Let me start with an admission which is that I don’t read as much as is commonly believed. It’s just that I refer to books in my speeches which conveys the impression that I am reading almost every book that is being printed. (Printed? Yes. Not sure whether I will, or indeed will ever want to, get into the kindle mode). That is guff; the reality is much less flattering.

These days, I read much less than I should or I need to. I lived in Addis Ababa in Ethiopia for two years when I was in the World Bank; my family stayed back in India. After the job offer was made to me, my prospective manager took me out to the best Italian restaurant in town and marketed the job to me all through the dinner.

Best advice

As we were finishing, he asked, “Do you have any concerns?” I said, “All that you said about the job is very good, Fred. But, what do I do over the weekends?” His reply was one of the best pieces of advice I ever received: “Subba, think of all the books you wanted to, but could not read. Plunge into them.” That’s exactly what I did – for all of two years until I moved to Washington and all its distractions.

It is not that as Governor I don’t get the time to read. I do. But the time that I get is irregular – not the most conducive for book reading.

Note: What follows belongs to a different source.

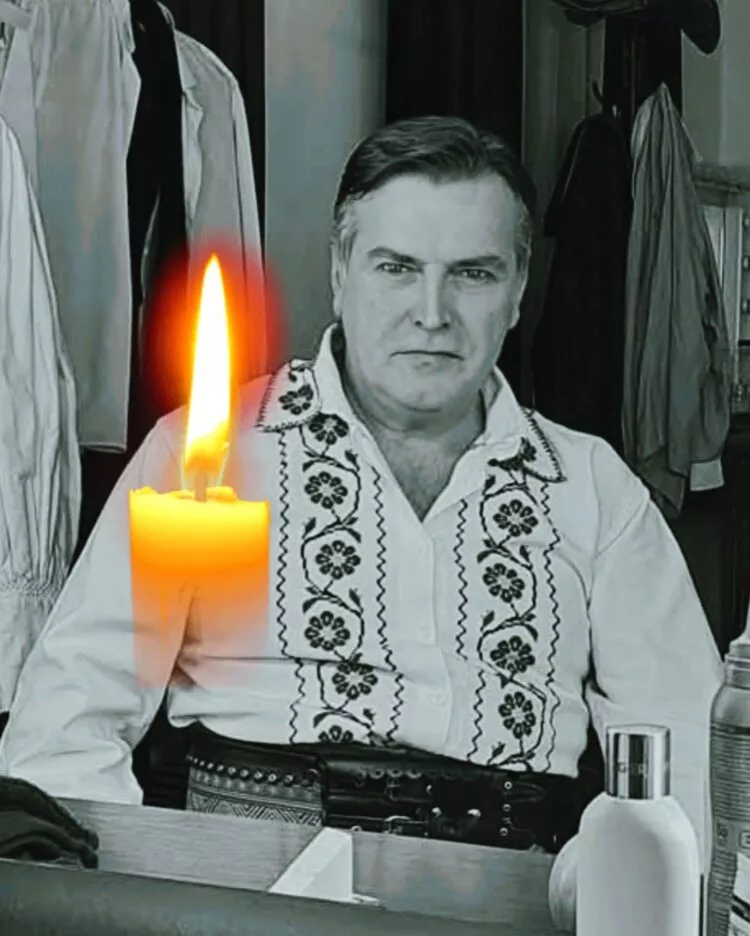 Actorul Ioan Isaiu s-a stins din viață la 56 de ani. Lumea artistică este în stare de șoc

I keep telling myself that I must read for at least half an hour every day, but have failed so far. So, when I finish reading a book, it feels like a big accomplishment. It’s also comforting because I am at least trying to live up to the hype that the RBI Governor is a well-read person.

Finance is people

I’ve just finished reading The Physics of Wall Street by James O. Weatherall, a PhD in physics, and now an Assistant Professor of Philosophy in the University of California at Irvine. We all know that post-crisis, use of quantitative techniques in finance has come for a lot of harsh criticism, even ridicule.

The charge is that the so-called quants brought in sophisticated mathematical modelling to finance, ignored the limitations of the assumptions underlying their models and made predictions with beguiling precision, all of which encouraged excessive risk-taking and brought on the eventual meltdown.

Forgotten in this euphoria was the fact that finance deals with people, not physical objects. The laws governing financial markets are not immutable like the laws of physics.

The most high-profile, if also the most strident of such critics, has been Nassim Taleb ( Black Swans , Antifragility ) who argues that the world is just too random and any attempt to find a structure is futile, and any claim to finding one is hubris.

But there is another side to this debate. The use of quantitative techniques contributed enormously to the growth of the financial sector. The Black-Scholes options pricing model, for example, was more than a piece of geeky mathematics; it was transformational.

It ended the anti-intellectualism of American finance, demonstrated that a more scientific approach to speculation is possible and converted financial markets from bull rings to quantitative power houses.

Engrossing history

That story needed to be told and The Physics of Wall Street does that. But the book is more, indeed much more, than a spirited defence of the value that quantitative frameworks brought to the financial sector. It is an engrossing history of several mathematicians and physicists who made a foray into finance with their different mental constructs and tool-kits. Some of these transitions were serendipitous, others were more deliberate and structured – but all of them were interesting and fascinating.

The history that Weatherall tells starts much before Black-Scholes, actually with the French mathematician Louis Bachelier, and his 1900 paper which argued that stock prices capture all available information and move randomly.

This was in essence what later came to be formulated by the Chicago School as the efficient market hypothesis except that Bachelier didn’t call it that. In a just world, says the author, Bachelier would be to finance what Newton is to physics.

After taking us through the history of several other scientists who brought fresh thinking, concepts and techniques to finance, the book ends with a rallying cry by the author for an ‘Economics Manhattan Project’ calling on the advanced economies, particularly America, to invest intellectual and financial resources in an inter-disciplinary project with a lofty goal of generating ideas for making the financial sector an aid to real sector growth.

Making things happen

The use of quantitative techniques in finance has perforce to reckon with the quirks of human behaviour.

As TheEconomist asked some years ago, is a hurricane more likely to hit because more hurricane insurance has been written? Common sense says no. But in the financial world, that common sense does not hold.

The more financial insurance is written, the more likely that the insured event will occur because people who benefit from that contingency can make it happen.

Can mathematical models replicate complex human behaviour? If they can’t, are they any good at all? The book’s answer is that making simplifying assumptions in building models leads to solutions to problems that are otherwise intractable. But those solutions are valid only as long as the assumptions underlying the model hold.

The difference between physicists and finance professionals, according to the author, is that physicists are trained to ask: ‘When do the assumptions of my model fail and what happens then?’ The post-crisis response should then be not to shun quantitative modelling but to be conscious of the limitations of quantitative models. And, of course, to improve them to approximate reality as closely as possible.